Разговор тогда пойдет лишь о лучшей или худшей реализации профессиональных, ремесленных или, скажем, спортивных навыков. По сути – животных навыков. Олень, который бегает медленнее, и олень, который бегает быстрее. Волк, который прыгает дальше, и волк, который прыгает короче… Все. Человек превратится обратно в животное. Пусть в индустриальное животное – от этого не легче.

Вопрос ЗАЧЕМ или РАДИ ЧЕГО сделается не просто неприятным или нелепым – он станет непонятным.

Конец истории человека настанет с окончанием диалога-поединка между различными вариантами выдумок, придающих человеческой жизни смысл.

Феномен российской интеллигенции

Действительно. Подобного племени – исключительно, как правило, порядочного по своим личным качествам, исключительно талантливого по своим научным и гуманитарным дарованиям, и в то же время отвратительно бестолкового и плаксивого, нескончаемо обвиняющего свою страну и свое государство во всех смертных грехах, в том числе и в своих личных невзгодах – нет и не было больше нигде в мире. Это давно подмечено и доказано.

На протяжении последних ста лет именно интеллигенция наиболее рьяно и неистово требовала изменения существовавшего в стране строя, наиболее настойчиво работала кислотой, разъедавшей основы этого строя, и дважды добивалась-таки изменений – во всяком случае, в огромной мере им способствовала. И оба раза оказывалась за бортом общества, которое после долгожданного изменения возникало.

И в очередной раз с недоумением и обидой всплескивала руками – и, едва оклемавшись, возобновляла скулеж.

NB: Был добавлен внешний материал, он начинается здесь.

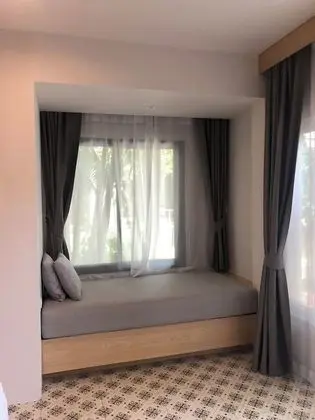 Deluxe Villa with One Way Airport Transfer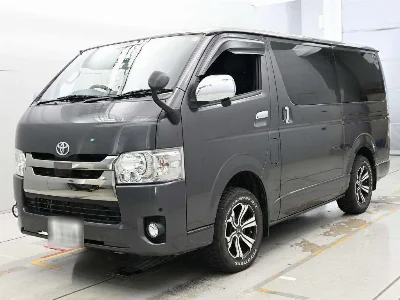 TOYOTA HIACE VAN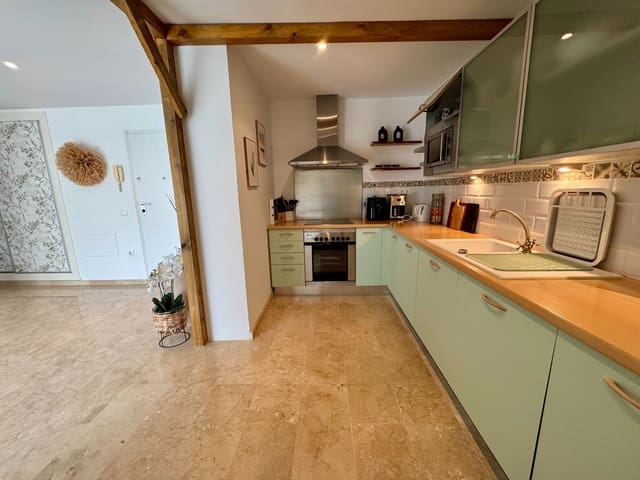 2 soveværelse Lejlighed til leje i La Villajoyosa / Vila Joiosa med swimmingpool garage - € 1.900 (Ref: 9162068)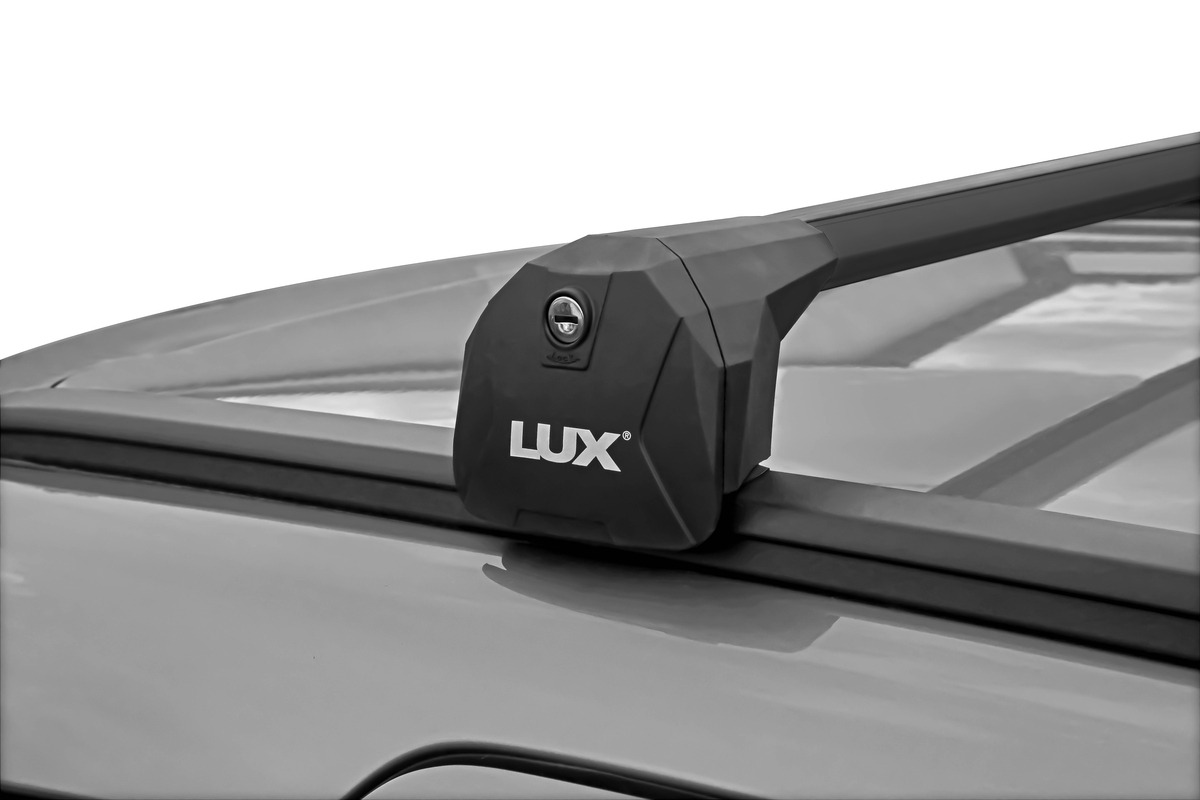 Багажник на интегрированные рейлинги LUX SCOUT с черными дугами фото 3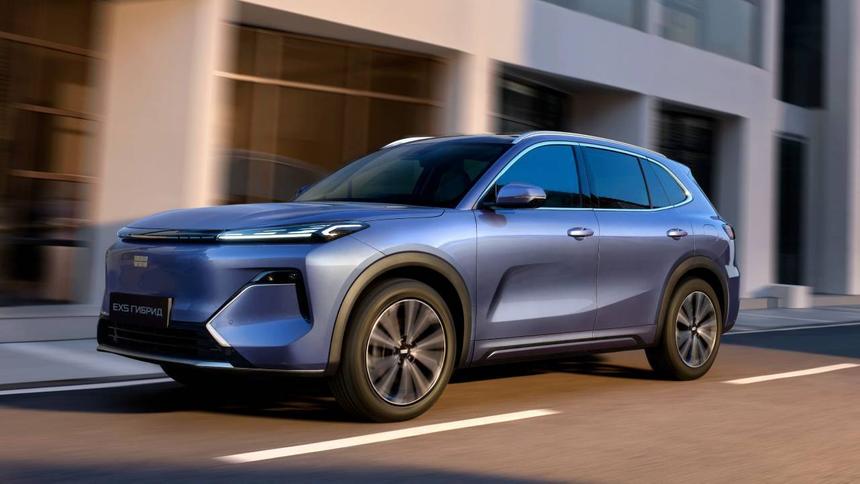 Дилеры рассказали об ажиотажном спросе на одну модель Geely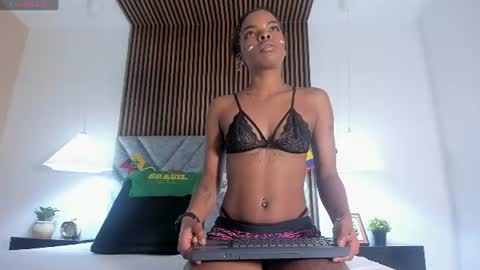 Snapshot of kenndrarose chatting on June 29, 1:22 pm kenndrarose online show from June 29, 1:22 pm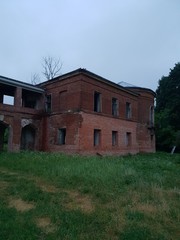 Fototapeta na wymiar Abandoned historical mansion in Russia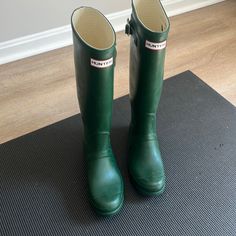 Tall Green Hunter Boots Never Worn In Like New Condition Green Rain Boots With Round Toe For Spring, Green Hunter Boots, Shoes Green, Womens Rain Boots, Hunter Shoes, Women Hunters, Hunter Green, Hunter Boots, Winter Rain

Дело, думаю, опять в специфике православной цивилизации – волею исторических судеб, единственной ЦЕЛЕНАПРАВЛЕННОЙ цивилизации планеты. Общество, вся система ценностей которого построена на стремлении к некоей цели – и потерявшее цель! Государство, призванное быть не более чем хранителем веры – утратившее эту веру!

Что может быть уязвимее и нелепей!

Три века назад государство начало навязывать себя обществу как единственную и конечную цель посюсторонней деятельности. Возникло непримиримое противоречие между воспроизводящейся через искусство, фольклор, семейное воспитание культурной традицией, согласно которой государство есть не более чем материальный инструмент идеальной деятельности – и внутренней политикой. Государственной идеологией.

Те, кто в прежних условиях, при сохранении традиционной системы ценностных координат по своим врожденным качествам становились бы великими аскетами, подвижниками, апологетами и реформаторами – точно свора, разом потерявшая след, принялись беспомощно тыкаться влево-вправо в беспорядочных индивидуальных потугах отыскать эрзац-ориентиры.

В первые десятилетия, когда государство одержало столько побед и добилось стольких успехов – главным образом, военных и внешнеполитических (ликует храбрый росс!) – упоение внезапно обретенной мощью вскружило головы многим. Но уже начиная, пожалуй, с Радищева, и уж во всяком случае с декабристов и с Чаадаева, начался этот роковой, без начала и конца поиск, мало-помалу вывихнувший в ту или иную сторону мозги всякого сколько-нибудь мыслящего человека.